Further developments in microfluidic systems are still required to improve their application to assay methods. In particular, there is a need for the development of new microfluidic systems which overcome the problems associated with known microfluidic systems, such as those described above.
Accordingly, the present invention provides a microfluidic system comprising a 1st reaction zone, a 2nd reaction zone, a reagent delivery channel configured to deliver one or more reagents to the 1st reaction zone, a waste channel to remove waste from the 2nd reaction zone, a 1st sample delivery channel configured to deliver a sample to the 1st reaction zone and a 2nd sample delivery channel configured to deliver a sample to the 2nd reaction zone; wherein the microfluidic system comprises a means for retaining one or more reagents in each reaction zone; and wherein the 1st reaction zone and 2nd reaction zone are connected in series by a reaction zone channel.

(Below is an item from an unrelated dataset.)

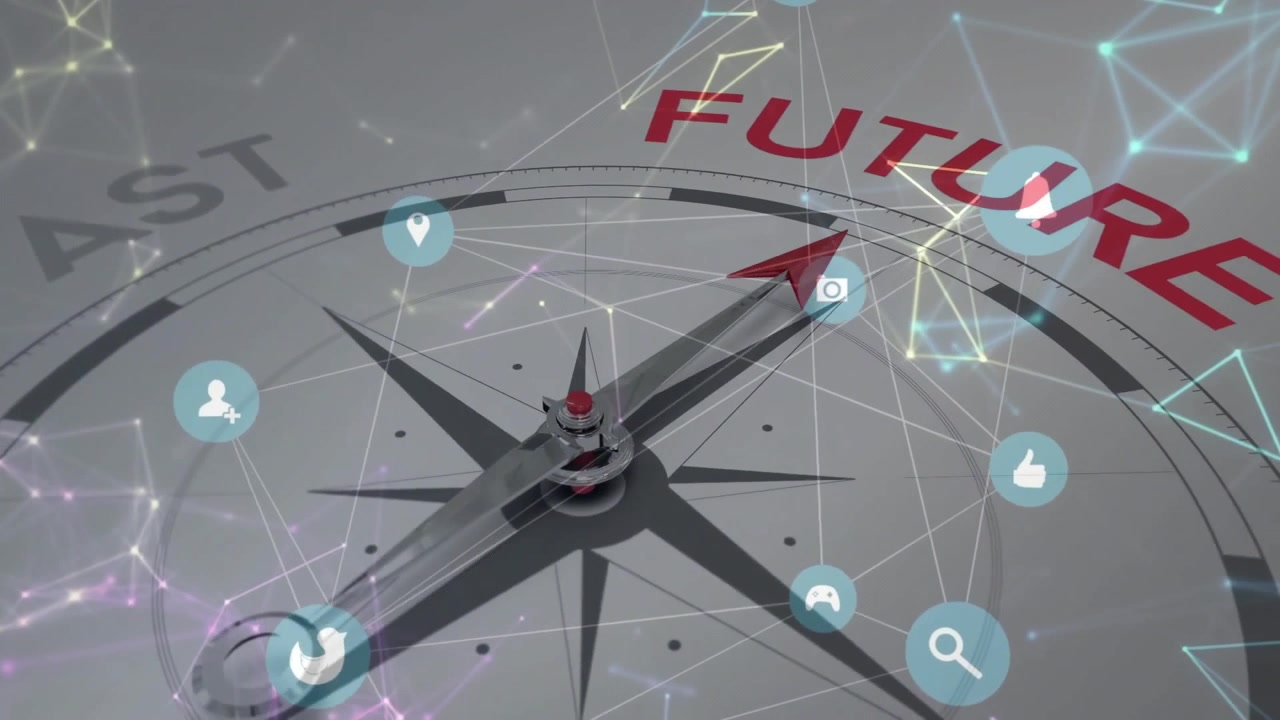 3D-rendered compass appearing, icons floating and rotating needle moving from PAST toward FUTURE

The two reaction zones are set in series thus allowing the same amount of one or more reagents to be entered into each reaction chamber. In contrast to the parallel system, the present invention does not split the solution comprising the reagents into two separate channels and, therefore, avoids the problem of the unequal distribution of the reagents in the two reaction zones which occurs in the parallel system. The present invention allows two samples to be analysed under sufficiently similar reaction conditions to produce assay results which are sufficiency accurate for comparison of the two samples, preferably by calibrating one sample with the other sample. For example, the results obtained using the system according to the present invention in an assay method allow more accurate comparison of a test sample with a calibration sample. The reaction conditions in the two reaction zones are preferably substantially identical, more preferably the reaction conditions are identical.
The system according to the present invention is also easier and more cost effective to manufacture due to the simplified design.

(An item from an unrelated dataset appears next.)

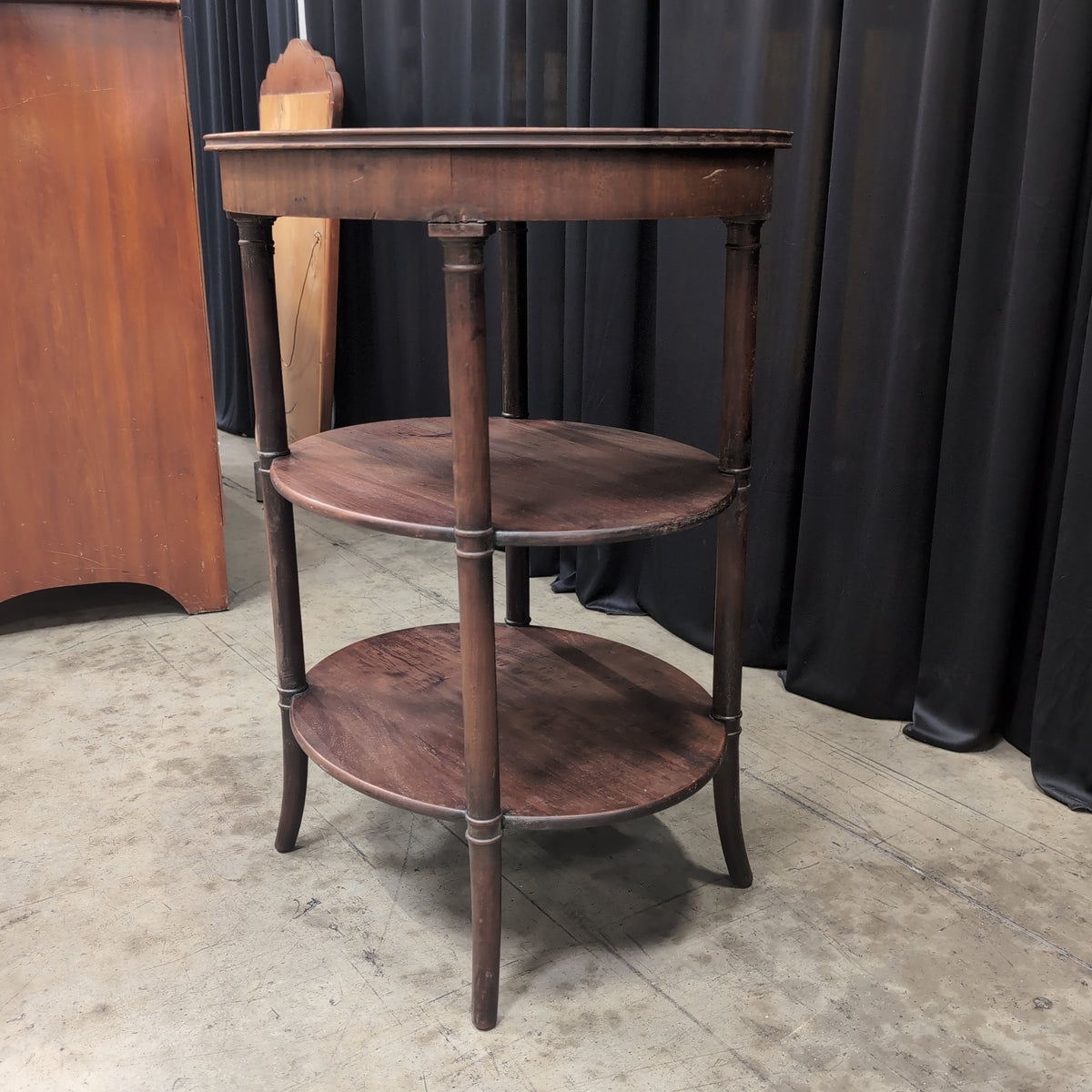 Dark Brown Three-Tiered Wood End Table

The present invention also provides a cartridge system comprising:
(a) a reagent component for storing one or more reagents; and
(b) a processing component for processing the one or more reagents in an assay,
wherein the processing component comprises a microfluidic system according as defined above;
wherein the reagent component and the processing component are configured to be coupled together to form a cartridge.

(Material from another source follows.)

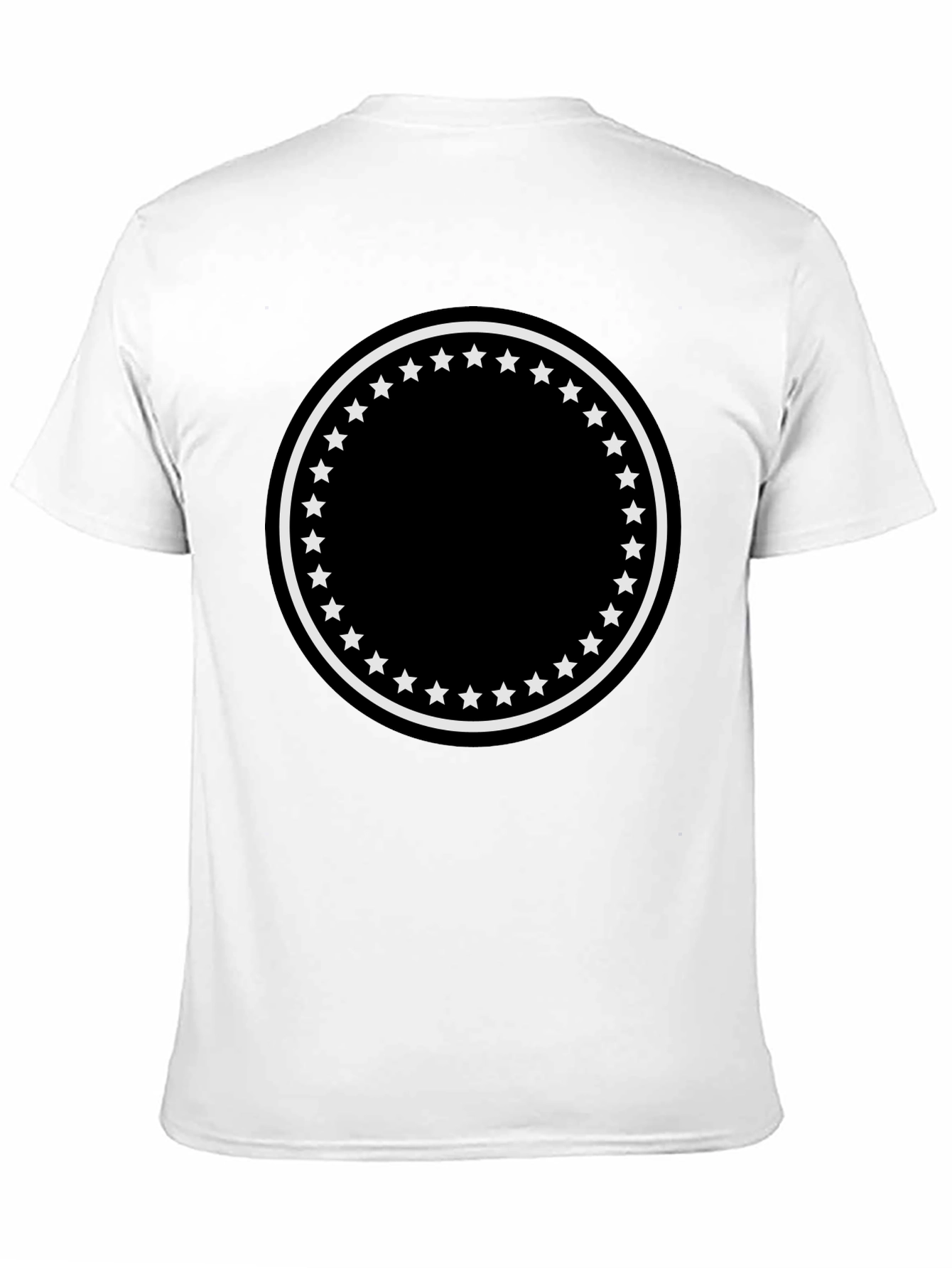 Mens Black T-Shirt with Star Circle Design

The present invention also provides the use of a microfluidic system as defined in above or a cartridge system as defined above in an assay method for identifying an analyte in a sample.
The present invention also provides an assay method for one or more analytes in a sample, which method comprises:
a) conveying a solution comprising one or more reagents through a microfluidic system as defined above, wherein the solution comprising one or more reagents is conveyed into the 1st reaction zone and the 2nd reaction zone;
b) retaining one or more reagents in the 1st reaction zone and 2nd reaction zone;
c) conveying a sample through the 1st sample delivery channel into the 1st reaction zone and conveying a sample through the 2nd sample delivery channel into the 2nd reaction zone; and
d) assaying for the one or more analytes.